It's an old fortress on a tiny island, surrounded by pine trees and the turquoise waters of the Mediterranean Sea: The Fort de Bregancon has been the very private holiday retreat of French leaders for decades.
And now it's open to the public.
Socialist President Francois Hollande has decided to break with tradition and to show it to the masses for the first time instead of vacationing there, as a symbol of a toned-down presidential lifestyle in tough economic times.
The stylish villa is located on one of the most beautiful and unspoiled parts of the French Riviera.
Visitors can walk in the salons, the dining room and the president's office, but shouldn't expect the marble, gilding and elegant parquet floors you find in many French palaces.
Instead, white walls and simple tiles on the floor, in the local Mediterranean style, make it look like a family house.

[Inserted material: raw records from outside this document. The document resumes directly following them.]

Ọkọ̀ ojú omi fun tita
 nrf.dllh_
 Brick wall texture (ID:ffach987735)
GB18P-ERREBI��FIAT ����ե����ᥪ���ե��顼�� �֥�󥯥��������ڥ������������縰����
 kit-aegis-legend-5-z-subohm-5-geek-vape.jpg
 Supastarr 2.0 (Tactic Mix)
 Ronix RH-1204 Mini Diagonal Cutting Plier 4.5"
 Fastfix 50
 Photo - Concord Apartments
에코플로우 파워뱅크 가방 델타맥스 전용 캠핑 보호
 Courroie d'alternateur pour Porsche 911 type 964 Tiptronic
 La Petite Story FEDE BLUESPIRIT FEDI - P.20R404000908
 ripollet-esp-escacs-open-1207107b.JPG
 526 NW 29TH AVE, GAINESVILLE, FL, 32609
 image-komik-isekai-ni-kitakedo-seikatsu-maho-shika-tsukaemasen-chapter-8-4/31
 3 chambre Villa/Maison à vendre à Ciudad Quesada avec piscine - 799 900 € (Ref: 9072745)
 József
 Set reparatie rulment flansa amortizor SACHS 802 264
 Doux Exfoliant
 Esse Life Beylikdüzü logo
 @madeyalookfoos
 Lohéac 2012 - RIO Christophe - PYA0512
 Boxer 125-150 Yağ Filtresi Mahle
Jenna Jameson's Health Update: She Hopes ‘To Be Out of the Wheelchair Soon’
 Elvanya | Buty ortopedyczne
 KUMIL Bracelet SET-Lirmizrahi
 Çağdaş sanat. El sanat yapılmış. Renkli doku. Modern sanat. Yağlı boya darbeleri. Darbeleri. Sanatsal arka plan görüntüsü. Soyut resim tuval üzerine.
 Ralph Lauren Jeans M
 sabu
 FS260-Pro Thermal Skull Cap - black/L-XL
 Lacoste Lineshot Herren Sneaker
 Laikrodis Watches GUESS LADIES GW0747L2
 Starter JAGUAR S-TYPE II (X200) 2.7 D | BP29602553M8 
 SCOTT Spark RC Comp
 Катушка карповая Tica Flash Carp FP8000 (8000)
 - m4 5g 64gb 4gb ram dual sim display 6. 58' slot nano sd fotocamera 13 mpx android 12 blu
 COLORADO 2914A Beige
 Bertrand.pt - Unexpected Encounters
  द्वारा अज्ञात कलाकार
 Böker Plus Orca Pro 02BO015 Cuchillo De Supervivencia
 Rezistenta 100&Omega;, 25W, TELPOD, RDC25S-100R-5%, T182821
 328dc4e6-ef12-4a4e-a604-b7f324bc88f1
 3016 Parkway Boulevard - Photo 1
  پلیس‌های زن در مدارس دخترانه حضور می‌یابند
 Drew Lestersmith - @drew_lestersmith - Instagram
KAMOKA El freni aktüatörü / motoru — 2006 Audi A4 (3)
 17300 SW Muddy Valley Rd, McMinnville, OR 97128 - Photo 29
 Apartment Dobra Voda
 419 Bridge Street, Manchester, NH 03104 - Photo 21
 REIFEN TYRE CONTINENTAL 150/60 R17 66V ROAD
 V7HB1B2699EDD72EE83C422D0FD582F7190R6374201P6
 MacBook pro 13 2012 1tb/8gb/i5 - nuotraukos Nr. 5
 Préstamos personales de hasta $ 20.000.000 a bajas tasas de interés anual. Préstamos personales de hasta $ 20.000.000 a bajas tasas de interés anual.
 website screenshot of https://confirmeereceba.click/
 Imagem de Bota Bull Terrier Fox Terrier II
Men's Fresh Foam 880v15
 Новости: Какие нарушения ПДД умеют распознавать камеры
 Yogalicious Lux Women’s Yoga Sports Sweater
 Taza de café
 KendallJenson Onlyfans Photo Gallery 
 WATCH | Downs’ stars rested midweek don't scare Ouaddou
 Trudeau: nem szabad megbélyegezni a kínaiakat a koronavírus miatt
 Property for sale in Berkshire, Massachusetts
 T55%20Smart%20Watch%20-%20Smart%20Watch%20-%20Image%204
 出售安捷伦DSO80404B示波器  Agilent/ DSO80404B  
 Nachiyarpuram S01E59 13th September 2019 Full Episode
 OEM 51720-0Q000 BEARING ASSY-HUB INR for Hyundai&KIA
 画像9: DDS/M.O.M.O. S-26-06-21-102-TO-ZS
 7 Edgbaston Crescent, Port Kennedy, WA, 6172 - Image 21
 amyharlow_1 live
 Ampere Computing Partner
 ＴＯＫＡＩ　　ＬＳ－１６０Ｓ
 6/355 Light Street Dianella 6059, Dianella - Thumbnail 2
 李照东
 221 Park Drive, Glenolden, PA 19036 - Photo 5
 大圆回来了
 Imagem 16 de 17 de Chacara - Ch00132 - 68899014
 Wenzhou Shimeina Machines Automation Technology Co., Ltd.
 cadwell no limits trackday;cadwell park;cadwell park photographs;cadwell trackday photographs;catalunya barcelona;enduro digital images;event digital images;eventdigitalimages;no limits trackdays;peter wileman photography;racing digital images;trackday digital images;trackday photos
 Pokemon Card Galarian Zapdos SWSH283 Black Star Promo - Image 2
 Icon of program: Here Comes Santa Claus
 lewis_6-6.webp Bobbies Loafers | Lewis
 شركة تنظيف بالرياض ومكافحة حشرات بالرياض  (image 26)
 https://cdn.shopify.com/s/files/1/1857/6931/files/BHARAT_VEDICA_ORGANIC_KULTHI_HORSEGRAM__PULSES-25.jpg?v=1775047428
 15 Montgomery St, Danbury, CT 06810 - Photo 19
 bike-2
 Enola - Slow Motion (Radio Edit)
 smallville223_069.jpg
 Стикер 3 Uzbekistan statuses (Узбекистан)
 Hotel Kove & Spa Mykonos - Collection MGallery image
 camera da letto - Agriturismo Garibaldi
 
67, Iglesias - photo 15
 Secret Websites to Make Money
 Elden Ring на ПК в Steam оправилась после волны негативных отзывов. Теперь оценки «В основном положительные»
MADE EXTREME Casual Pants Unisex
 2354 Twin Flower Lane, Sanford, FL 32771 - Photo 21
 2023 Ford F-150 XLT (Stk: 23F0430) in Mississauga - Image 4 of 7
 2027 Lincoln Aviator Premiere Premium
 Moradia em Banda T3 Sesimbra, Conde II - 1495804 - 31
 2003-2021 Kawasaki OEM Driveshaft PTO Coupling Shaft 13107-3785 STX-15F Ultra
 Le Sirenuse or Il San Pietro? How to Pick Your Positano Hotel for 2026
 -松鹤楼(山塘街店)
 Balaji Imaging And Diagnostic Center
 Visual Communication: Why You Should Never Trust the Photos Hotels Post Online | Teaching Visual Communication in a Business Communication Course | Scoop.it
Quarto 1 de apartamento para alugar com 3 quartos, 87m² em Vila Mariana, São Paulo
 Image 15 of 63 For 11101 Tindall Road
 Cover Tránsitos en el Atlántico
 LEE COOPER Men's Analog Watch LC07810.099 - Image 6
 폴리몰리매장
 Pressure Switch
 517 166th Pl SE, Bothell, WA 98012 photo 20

"It is also the charm of the place: The president can live like ordinary people do, in a simple environment," said Bernard Le Magoarou, administrator of the fort.
Built in the Middle Ages, it became state property during the French Revolution. Gen. Charles de Gaulle made it the official residence of the Republic after spending a memorable - if not very pleasant - night in it in 1964.
"He had a terrible night, because of the mosquitoes and a bed too small. He decided to renovate it," said Le Magoarou.
Since then, every French president has come to take some time off from the demands of the Elysee Palace in Paris, to rest under the sound of the cicadas, and to enjoy the private beach and the spectacular view from the patio.
Jacques Chirac and his wife Bernadette visited often during his presidency from 1995 to 2007, regularly meeting residents of the neighbouring village.
Nicolas Sarkozy, president from 2007 to 2012, used to go jogging or biking. After he married model-singer Carla Bruni while in office, he preferred vacationing in her more luxurious villa at Cap Negre, but continued visiting the fort.
The fort has no swimming pool, forcing bathers out to the beach - giving the paparazzi better opportunities to take pictures of presidential couples in swimwear.
IF YOU GO
French presidential retreat open to the public through September 28.
A visit costs €10 (NZ$15.4) and must be pre-booked on the website of the tourist department.
Bormes-les-Mimosas, the town that hosts the fort, is about an hour and a half drive east from Marseille or two hours southwest from Nice.
The nearest train station is Toulon, and from there you can take a bus or taxi. From Bormes-les-Mimosas, the local tourist department runs boats to the fort.